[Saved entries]
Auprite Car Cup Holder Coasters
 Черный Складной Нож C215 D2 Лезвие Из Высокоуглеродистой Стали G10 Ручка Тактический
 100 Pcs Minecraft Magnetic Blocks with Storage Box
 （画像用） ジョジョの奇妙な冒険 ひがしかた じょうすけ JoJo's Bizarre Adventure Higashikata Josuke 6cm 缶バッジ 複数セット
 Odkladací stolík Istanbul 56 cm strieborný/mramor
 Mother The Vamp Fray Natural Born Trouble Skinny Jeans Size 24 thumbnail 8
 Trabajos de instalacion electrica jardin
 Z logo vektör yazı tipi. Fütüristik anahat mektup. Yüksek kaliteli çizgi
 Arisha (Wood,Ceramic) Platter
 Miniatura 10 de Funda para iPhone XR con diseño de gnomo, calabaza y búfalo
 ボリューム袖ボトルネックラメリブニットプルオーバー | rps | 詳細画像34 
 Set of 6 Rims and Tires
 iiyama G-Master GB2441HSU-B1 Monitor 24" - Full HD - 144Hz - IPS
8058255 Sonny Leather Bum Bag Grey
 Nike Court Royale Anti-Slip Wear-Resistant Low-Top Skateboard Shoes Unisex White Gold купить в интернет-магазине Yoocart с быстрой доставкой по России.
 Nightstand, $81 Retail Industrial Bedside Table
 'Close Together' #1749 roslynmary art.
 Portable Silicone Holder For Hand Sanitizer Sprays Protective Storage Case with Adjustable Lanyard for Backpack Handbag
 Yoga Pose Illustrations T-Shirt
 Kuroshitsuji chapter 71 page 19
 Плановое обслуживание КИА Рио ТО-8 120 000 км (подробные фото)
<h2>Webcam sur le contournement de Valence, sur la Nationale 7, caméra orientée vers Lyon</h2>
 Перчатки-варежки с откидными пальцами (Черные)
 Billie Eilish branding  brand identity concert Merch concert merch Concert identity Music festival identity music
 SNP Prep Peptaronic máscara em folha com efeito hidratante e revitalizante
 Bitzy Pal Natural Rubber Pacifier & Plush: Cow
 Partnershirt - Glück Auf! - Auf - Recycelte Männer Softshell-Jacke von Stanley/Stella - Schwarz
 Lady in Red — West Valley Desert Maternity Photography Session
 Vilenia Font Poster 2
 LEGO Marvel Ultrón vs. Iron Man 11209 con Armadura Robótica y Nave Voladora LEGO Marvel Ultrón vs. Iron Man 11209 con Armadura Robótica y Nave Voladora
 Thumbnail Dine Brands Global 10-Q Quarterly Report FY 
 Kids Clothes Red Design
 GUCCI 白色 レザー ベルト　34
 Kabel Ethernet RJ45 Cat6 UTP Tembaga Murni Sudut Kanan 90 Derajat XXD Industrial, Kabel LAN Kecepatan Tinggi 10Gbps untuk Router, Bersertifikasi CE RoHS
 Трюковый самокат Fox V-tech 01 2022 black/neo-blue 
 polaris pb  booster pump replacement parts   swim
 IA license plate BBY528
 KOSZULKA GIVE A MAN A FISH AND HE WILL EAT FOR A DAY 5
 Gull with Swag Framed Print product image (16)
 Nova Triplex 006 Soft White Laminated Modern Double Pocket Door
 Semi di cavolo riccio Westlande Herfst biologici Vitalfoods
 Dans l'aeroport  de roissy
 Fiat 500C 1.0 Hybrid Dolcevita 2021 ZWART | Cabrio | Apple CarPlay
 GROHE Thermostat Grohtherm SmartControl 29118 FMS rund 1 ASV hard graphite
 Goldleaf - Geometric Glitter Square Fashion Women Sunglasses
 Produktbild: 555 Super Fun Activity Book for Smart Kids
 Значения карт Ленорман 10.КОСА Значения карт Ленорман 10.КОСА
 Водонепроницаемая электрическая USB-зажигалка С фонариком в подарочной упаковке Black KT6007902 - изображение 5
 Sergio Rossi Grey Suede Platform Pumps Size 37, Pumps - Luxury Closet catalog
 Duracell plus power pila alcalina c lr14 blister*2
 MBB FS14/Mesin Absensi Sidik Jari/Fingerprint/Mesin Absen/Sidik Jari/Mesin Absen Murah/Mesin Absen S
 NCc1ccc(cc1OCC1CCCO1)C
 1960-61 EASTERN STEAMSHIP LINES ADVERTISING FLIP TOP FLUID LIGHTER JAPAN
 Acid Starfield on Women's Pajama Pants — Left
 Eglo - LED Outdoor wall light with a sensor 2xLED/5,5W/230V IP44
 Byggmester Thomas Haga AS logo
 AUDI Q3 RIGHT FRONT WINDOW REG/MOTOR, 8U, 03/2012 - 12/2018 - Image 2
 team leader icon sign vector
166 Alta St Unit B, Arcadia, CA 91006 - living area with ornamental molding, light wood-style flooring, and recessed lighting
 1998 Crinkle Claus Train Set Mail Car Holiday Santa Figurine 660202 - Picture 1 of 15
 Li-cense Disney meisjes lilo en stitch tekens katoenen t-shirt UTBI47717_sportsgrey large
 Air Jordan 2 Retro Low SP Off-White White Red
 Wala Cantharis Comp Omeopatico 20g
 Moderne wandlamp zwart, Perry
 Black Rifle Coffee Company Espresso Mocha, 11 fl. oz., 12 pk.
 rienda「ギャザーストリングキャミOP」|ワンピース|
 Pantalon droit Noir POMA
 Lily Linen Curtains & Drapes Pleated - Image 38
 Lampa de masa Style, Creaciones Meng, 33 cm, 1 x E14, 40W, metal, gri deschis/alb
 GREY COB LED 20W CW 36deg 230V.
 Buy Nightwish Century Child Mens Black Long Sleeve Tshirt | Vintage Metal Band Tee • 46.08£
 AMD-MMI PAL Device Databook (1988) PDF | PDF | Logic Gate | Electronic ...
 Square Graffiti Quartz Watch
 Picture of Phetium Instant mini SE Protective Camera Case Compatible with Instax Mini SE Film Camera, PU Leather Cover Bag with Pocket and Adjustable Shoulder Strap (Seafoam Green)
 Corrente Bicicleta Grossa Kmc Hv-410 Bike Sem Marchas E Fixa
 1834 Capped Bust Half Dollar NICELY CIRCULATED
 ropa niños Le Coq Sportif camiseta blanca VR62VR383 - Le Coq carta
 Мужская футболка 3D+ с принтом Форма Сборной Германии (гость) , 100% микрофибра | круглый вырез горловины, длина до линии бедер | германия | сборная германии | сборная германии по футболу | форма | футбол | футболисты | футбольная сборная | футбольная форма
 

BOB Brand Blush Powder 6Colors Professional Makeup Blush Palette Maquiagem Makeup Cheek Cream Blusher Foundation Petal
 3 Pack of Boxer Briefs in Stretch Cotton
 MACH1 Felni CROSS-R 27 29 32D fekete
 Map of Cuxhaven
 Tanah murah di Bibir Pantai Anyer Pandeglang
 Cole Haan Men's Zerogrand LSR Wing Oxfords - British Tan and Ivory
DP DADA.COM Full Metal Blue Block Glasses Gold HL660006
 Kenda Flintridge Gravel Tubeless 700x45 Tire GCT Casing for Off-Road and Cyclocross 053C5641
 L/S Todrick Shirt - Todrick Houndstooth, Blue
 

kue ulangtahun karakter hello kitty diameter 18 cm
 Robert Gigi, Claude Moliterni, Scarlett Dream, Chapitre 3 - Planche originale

DIRECTIONS —
Your answer should consist solely of the lines above from the line with "6cm 缶バッジ 複数セット" to the line with "GUCCI 白色 レザー ベルト　34", both included, reproduced exactly.

OUTPUT FOR THIS TASK —
 （画像用） ジョジョの奇妙な冒険 ひがしかた じょうすけ JoJo's Bizarre Adventure Higashikata Josuke 6cm 缶バッジ 複数セット
 Odkladací stolík Istanbul 56 cm strieborný/mramor
 Mother The Vamp Fray Natural Born Trouble Skinny Jeans Size 24 thumbnail 8
 Trabajos de instalacion electrica jardin
 Z logo vektör yazı tipi. Fütüristik anahat mektup. Yüksek kaliteli çizgi
 Arisha (Wood,Ceramic) Platter
 Miniatura 10 de Funda para iPhone XR con diseño de gnomo, calabaza y búfalo
 ボリューム袖ボトルネックラメリブニットプルオーバー | rps | 詳細画像34 
 Set of 6 Rims and Tires
 iiyama G-Master GB2441HSU-B1 Monitor 24" - Full HD - 144Hz - IPS
8058255 Sonny Leather Bum Bag Grey
 Nike Court Royale Anti-Slip Wear-Resistant Low-Top Skateboard Shoes Unisex White Gold купить в интернет-магазине Yoocart с быстрой доставкой по России.
 Nightstand, $81 Retail Industrial Bedside Table
 'Close Together' #1749 roslynmary art.
 Portable Silicone Holder For Hand Sanitizer Sprays Protective Storage Case with Adjustable Lanyard for Backpack Handbag
 Yoga Pose Illustrations T-Shirt
 Kuroshitsuji chapter 71 page 19
 Плановое обслуживание КИА Рио ТО-8 120 000 км (подробные фото)
<h2>Webcam sur le contournement de Valence, sur la Nationale 7, caméra orientée vers Lyon</h2>
 Перчатки-варежки с откидными пальцами (Черные)
 Billie Eilish branding  brand identity concert Merch concert merch Concert identity Music festival identity music
 SNP Prep Peptaronic máscara em folha com efeito hidratante e revitalizante
 Bitzy Pal Natural Rubber Pacifier & Plush: Cow
 Partnershirt - Glück Auf! - Auf - Recycelte Männer Softshell-Jacke von Stanley/Stella - Schwarz
 Lady in Red — West Valley Desert Maternity Photography Session
 Vilenia Font Poster 2
 LEGO Marvel Ultrón vs. Iron Man 11209 con Armadura Robótica y Nave Voladora LEGO Marvel Ultrón vs. Iron Man 11209 con Armadura Robótica y Nave Voladora
 Thumbnail Dine Brands Global 10-Q Quarterly Report FY 
 Kids Clothes Red Design
 GUCCI 白色 レザー ベルト　34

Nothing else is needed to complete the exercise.